Mathieu (grandios Guillaume Canet) hat hingeschmissen, einfach so aus heiterem Himmel vier Wochen vor seinem mit Spannung erwarteten Bühnen-Debüt, hat sich verabschiedet, ist aus Paris geflohen. Er kann nicht mehr. Unverständnis von Seiten der Betroffenen, gehört Mathieu doch zu den bekanntesten Filmstars des Landes, einer dem die Bewunderer zu Füßen liegen oder zumindest ein Selfie mit ihm machen wollen.

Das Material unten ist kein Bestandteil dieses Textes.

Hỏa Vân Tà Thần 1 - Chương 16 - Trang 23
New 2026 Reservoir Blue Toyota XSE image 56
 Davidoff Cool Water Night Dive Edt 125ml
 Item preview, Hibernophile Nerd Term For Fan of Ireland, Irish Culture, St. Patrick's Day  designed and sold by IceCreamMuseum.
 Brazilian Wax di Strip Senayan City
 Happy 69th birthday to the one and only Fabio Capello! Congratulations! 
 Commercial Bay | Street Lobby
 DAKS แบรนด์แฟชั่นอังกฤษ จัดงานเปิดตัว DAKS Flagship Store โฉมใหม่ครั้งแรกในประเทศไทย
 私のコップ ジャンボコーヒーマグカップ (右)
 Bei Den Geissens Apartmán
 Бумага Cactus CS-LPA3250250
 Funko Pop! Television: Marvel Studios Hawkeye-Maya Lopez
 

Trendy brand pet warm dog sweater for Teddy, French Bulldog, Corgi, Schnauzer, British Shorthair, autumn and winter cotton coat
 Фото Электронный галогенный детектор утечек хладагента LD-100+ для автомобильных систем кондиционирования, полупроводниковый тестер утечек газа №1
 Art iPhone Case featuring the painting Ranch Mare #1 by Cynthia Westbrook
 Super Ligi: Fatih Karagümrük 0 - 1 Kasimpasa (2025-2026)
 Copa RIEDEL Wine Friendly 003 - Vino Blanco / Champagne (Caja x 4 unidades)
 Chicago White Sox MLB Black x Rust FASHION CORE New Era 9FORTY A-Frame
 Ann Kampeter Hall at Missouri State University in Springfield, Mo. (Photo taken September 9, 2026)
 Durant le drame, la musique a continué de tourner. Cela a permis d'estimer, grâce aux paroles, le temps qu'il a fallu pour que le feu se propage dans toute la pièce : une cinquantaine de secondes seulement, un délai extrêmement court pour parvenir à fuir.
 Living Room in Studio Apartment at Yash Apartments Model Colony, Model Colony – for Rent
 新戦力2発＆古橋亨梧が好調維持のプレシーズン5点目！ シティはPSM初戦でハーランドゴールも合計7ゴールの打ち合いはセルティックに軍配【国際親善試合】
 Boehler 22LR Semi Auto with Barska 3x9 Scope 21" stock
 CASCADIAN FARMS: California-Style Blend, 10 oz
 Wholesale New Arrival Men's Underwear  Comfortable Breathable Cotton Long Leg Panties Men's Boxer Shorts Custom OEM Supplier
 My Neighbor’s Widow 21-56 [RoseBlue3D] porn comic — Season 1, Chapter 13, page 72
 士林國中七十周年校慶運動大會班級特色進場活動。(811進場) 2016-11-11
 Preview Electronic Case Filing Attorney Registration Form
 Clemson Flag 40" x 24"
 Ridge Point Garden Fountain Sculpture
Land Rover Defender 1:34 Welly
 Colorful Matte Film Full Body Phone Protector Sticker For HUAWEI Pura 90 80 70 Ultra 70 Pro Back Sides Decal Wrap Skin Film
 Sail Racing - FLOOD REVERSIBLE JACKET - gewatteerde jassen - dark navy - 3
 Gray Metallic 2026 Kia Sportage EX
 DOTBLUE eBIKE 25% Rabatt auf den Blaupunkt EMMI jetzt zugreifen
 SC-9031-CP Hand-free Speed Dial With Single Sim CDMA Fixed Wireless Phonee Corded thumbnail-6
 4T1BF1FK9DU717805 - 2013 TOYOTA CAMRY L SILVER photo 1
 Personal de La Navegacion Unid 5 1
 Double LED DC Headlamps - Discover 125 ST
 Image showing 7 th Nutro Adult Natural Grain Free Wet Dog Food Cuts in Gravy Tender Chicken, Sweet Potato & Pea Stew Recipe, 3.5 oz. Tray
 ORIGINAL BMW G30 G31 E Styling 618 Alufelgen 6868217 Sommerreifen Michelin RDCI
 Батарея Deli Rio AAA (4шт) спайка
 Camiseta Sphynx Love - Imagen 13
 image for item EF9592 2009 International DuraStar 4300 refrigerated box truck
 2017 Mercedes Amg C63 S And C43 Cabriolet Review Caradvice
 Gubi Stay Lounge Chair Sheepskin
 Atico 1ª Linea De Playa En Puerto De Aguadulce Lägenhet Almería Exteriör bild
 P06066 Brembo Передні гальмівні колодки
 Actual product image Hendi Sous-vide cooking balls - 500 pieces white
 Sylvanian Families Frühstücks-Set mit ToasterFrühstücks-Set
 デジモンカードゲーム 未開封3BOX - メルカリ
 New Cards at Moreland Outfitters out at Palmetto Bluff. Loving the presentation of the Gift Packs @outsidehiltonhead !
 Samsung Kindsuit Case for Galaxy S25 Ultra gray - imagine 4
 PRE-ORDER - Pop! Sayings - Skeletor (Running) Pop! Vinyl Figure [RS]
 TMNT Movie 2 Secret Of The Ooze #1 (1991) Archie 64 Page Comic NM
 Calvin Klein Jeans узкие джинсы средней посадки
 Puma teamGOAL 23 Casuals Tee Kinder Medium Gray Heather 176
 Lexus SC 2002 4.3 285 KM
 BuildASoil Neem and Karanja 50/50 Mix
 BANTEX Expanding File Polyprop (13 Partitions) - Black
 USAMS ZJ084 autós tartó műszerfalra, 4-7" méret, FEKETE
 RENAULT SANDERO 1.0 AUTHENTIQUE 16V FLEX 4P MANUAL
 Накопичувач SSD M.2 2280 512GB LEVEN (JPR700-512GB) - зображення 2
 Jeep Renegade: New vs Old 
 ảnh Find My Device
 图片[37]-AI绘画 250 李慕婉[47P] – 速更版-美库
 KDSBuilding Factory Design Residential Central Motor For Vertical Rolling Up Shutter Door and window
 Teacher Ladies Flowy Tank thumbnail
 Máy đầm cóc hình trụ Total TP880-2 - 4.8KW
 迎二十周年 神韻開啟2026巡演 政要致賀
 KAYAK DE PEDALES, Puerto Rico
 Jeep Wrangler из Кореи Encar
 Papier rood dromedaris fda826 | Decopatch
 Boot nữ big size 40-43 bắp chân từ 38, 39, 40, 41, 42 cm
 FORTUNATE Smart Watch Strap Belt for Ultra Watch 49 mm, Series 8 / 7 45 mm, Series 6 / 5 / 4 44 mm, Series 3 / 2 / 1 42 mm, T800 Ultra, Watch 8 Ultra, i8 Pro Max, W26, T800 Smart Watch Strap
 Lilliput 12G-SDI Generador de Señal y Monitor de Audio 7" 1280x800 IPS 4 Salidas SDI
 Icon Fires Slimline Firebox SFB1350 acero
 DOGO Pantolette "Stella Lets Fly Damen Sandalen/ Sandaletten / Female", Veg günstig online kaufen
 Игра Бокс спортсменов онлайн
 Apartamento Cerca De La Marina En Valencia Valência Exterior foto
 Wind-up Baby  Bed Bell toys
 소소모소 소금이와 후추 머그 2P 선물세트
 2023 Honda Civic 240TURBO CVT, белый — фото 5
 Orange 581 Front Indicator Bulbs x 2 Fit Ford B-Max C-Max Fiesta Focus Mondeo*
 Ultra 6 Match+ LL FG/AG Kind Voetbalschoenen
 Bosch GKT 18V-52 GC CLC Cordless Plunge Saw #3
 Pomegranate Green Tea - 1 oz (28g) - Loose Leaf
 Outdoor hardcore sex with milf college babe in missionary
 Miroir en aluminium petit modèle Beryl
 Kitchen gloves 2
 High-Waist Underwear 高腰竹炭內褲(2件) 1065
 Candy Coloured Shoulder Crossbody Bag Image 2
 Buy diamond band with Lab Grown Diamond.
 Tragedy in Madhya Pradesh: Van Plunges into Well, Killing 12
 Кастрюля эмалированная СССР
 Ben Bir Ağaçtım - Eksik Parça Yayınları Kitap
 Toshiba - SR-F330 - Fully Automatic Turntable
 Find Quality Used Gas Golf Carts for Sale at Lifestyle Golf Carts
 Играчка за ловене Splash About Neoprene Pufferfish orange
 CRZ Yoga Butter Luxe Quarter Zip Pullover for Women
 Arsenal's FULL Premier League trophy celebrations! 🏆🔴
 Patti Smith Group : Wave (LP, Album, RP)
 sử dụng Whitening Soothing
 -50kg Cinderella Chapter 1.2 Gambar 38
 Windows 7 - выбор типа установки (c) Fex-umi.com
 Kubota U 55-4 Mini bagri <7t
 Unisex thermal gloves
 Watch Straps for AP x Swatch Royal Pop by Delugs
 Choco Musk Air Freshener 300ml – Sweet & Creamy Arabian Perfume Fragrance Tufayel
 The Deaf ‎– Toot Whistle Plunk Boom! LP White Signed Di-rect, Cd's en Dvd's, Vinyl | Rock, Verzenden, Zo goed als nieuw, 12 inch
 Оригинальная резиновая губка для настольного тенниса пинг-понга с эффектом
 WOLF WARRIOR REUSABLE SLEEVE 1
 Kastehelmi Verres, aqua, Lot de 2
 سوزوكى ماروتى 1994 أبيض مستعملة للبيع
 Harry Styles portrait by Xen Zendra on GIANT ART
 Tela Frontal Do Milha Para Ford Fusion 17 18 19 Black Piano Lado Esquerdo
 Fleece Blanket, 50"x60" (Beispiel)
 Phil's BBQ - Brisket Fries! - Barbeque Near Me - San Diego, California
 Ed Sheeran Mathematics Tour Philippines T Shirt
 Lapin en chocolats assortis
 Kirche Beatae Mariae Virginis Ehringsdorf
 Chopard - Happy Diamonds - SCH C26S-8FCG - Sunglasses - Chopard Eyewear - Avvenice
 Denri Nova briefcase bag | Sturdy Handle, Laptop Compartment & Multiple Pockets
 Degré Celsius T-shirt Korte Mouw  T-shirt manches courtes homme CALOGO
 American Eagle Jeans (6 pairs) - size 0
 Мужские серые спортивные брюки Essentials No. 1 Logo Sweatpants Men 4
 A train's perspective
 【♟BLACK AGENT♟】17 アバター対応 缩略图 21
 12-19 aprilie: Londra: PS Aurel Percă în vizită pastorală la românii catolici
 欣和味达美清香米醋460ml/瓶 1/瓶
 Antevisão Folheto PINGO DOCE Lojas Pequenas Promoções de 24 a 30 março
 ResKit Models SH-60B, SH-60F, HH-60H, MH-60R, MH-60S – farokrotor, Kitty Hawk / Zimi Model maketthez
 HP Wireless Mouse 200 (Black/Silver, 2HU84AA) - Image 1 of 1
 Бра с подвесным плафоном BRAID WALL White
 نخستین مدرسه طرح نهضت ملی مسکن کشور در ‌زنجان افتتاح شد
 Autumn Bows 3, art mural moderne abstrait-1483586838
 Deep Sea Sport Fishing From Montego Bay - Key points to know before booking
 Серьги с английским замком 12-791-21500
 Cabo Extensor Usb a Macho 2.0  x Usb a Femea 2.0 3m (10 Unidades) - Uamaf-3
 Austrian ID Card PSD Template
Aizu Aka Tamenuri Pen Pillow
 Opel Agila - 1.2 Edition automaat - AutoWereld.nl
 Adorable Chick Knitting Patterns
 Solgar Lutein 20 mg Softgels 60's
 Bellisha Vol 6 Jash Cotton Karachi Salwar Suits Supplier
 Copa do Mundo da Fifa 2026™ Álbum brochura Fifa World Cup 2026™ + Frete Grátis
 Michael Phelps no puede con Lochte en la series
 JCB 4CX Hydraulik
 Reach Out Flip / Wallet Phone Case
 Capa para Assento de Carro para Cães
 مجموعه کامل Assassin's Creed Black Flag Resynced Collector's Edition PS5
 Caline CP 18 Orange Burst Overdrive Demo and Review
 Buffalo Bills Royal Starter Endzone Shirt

Er war gewohnt an Lobeshymnen und Personality-Porträts in Hochglanz-Magazinen, zufrieden aber war er schon lange nicht mehr, geschweige denn glücklich. Und obendrein hat er auch noch den Neustart vermasselt, von dem er sich, neuen Schwung, neue Perspektiven, mehr künstlerische Gravitas versprach. Die Nerven sind ihm durchgegangen, nun verkriecht sich der attraktive Endvierziger samt Selbstzweifeln und Versagensängsten in einem steril luxuriösen Wellness-Hotel an der bretonischen Westküste. 

 

Die Hauptsaison ist vorbei, Straßen und Strände menschenleer. Die Lounge des Hotels ähnelt einem unbewohnten Planeten, ungerührt schiebt eine Seniorin im weißen Bademantel ihren Rollator Richtung Fahrstuhl. Abgesehen von den Angestellten, die auf ein Selfie mit dem Leinwandstar beharren, bleibt Mathieu allein mit seinen düsteren Gedanken. Auf dem Handy sammeln sich die Nachrichten, der enttäuschte Regisseur beklagt sein unprofessionelles Verhalten. Er müssen lernen zu atmen, sagt der Personal Trainer. Am Telefon versucht der Schauspieler seiner Lebensgefährtin, einer bekannten Moderatorin und Mutter seines Sohnes, zu erklären, warum er den Schuldgefühlen so hilflos ausgeliefert sei, die reagiert eher uninteressiert. Blick nach vorn, lies die Drehbücher, die Du mitgenommen hast, steh für Deine Fehler ein, lauten ihre Ratschläge. Nichts will ihm gelingen, selbst die Lichtschranke der Espresso-Maschine bringt ihn zur Verzweiflung, er könnte nur heulen und das tut er auch. Da erreicht ihn eine Nachricht von Alice, (umwerfend: Alba Rohrwacher), vor mehr als 15 Jahren, zu jener Zeit war Mathieu noch keine Celebrity, hatte er sich in Paris von ihr getrennt, heute lebt die einstige Flamme mit Ehemann und Tochter unweit des Spa. Seit damals hatten die beiden nie mehr Kontakt.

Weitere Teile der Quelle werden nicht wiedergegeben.